Erase una vez una persona con mucho mando. Trabajaba en la escala ejecutiva de una empresa y era la típica que iba de guay, de benefactora de la chusma que tenía subordinada y a los que trataba de manera exquisita un día no y los otros cuatro restantes tampoco.
Era tal su magnanimidad que disponía de todo como si fuera administradora universal del cotarro. Sólo que sin serlo. Al que miraba para otro lado y le recogía las compras en la Calle Real sólo le pisaba un callo un par de veces al mes. Al que la miraba torcido pero no abría la boca le acusaba de incrementar las facturas que tenía que cargar a la empresa del psicólogo y del gurú que la enderezaba el karma. Pobrecita ella. Y al que hacía su trabajo intentando ser productivo y escrupuloso con unas mínimas reglas éticas, le ridiculizaba y humillaba sólo por respirar.

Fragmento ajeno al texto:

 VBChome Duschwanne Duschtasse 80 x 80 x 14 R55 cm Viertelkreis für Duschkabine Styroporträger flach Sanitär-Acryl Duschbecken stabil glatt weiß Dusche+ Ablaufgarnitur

Así llegó un día en el que, al requerir un trabajito de dudosa honestidad a uno de sus pretendidos lacayos de los del último grupo, éste la contestó:
-Por ahí no paso. Dimito: yo tengo principios.
A lo que la divina potestad respondió entre carcajadas:
-Los principios no pagan las facturas, mi niño. Qué gracioso eres cuando te pones gracioso, valga la rebuznancia. (porque, efectivamente, esta persona era un pozo muy hondo de sabiduría, como seguramente estabais pensando... ¡ejem!)
Es necesario no obstante aclarar que, aunque puede parecer tentador concluir que era sensata la respuesta, para esta persona singularmente tocada por el dedo de Dior, las facturas de ella eran más importantes que las del resto de los mortales. Y que se debe entender como imprescindible que tus vástagos vayan a colegios internacionales y que el vestido nunca puede ser de menos glamour que el de Ana Rosa Quintana. Ya si eso, los que tienen principios que viajen con Ryan Air y tiren de marca blanca en el Hiperdino.
Y así se empieza a tolerar lo intolerable, aunque no lo crean, hasta que te conviertes en un engendro como el del retrato.